Dans les clubs, la disparition de la fumée laisse la place à de fortes odeurs de sueur. Un créneau pour des entreprises comme Air Creative, qui commercialisent des diffuseurs de parfums. Explications.
La disparition de la fumée dans les lieux publics a une conséquence inattendue. L’odeur de transpiration n’est plus couverte par celle du tabac. «Nous avons anticipé l’interdiction de fumer en installant une cinquantaine d’appareils dans notre salle», explique Igor Blaska, le directeur du Mad, célèbre club lausannois. «En France, des boîtes de nuits avaient connu de gros problèmes, nos mesures ont permis de les éviter. On ne voulait pas d’odeur, pas de diffusion de parfum.»

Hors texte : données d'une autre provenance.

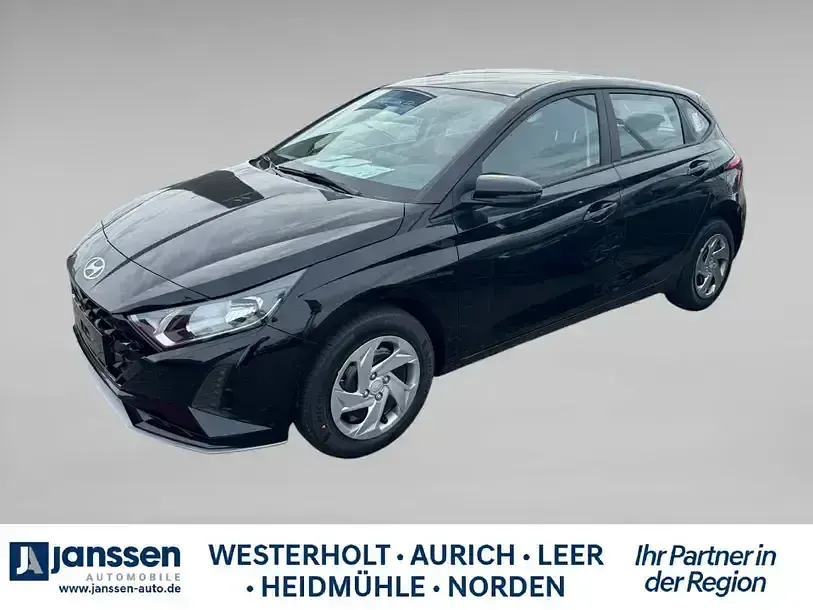 Neu Hyundai i20 Select 90 PS (66 kW) 2026 Andere Kleinwagen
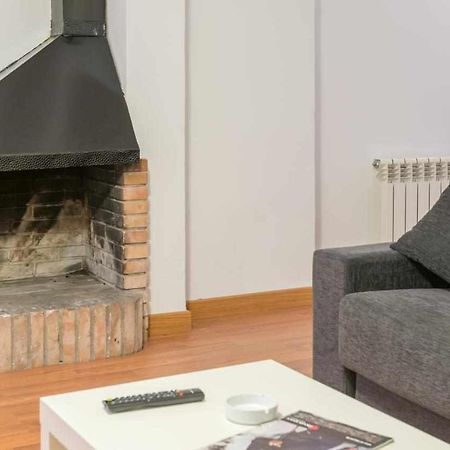 Candelario Apartamentos מראה חיצוני תמונה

Des appareils? Une cinquantaines d’«ionisateurs» qui détruiraient les bactéries nauséabondes avec un résultat satisfaisant. «Nous n’avons enregistré aucune remarque négative, se félicite le gérant; l’entretien du matériel se résume à un coup d’aspirateur par semaine pour dépoussiérer les filtres et un changement d’ampoules tous les trois à quatre ans.»
Si l’on ne doit pas se boucher le nez en dansant au Mad, dans d’autres salles qui n’ont pas encore investi dans la lutte contre les odeurs corporelles, les effluves peuvent s’avérer très désagréables.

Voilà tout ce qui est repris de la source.